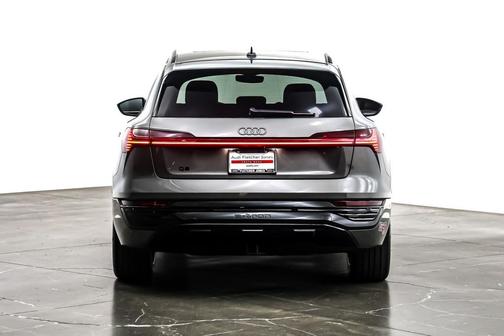 2024 Audi Q8 e-tron Premium Plus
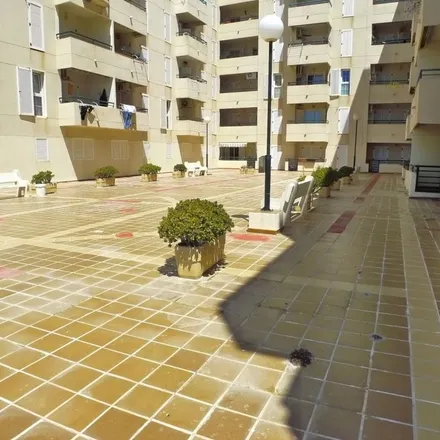 Image 1 - Calle Málaga, 29738 Vélez-Málaga, Spain - Apartment for rent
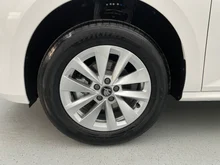Škoda Kamiq Selection TSI in Alaska-Weiß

ACTIVITY: From the line that holds "Image 1 - Calle" down to the last line of the material above, every line is to be copied exactly, both ends included; pictures are to be omitted.

SOLUTION BELOW:
 Image 1 - Calle Málaga, 29738 Vélez-Málaga, Spain - Apartment for rent
Škoda Kamiq Selection TSI in Alaska-Weiß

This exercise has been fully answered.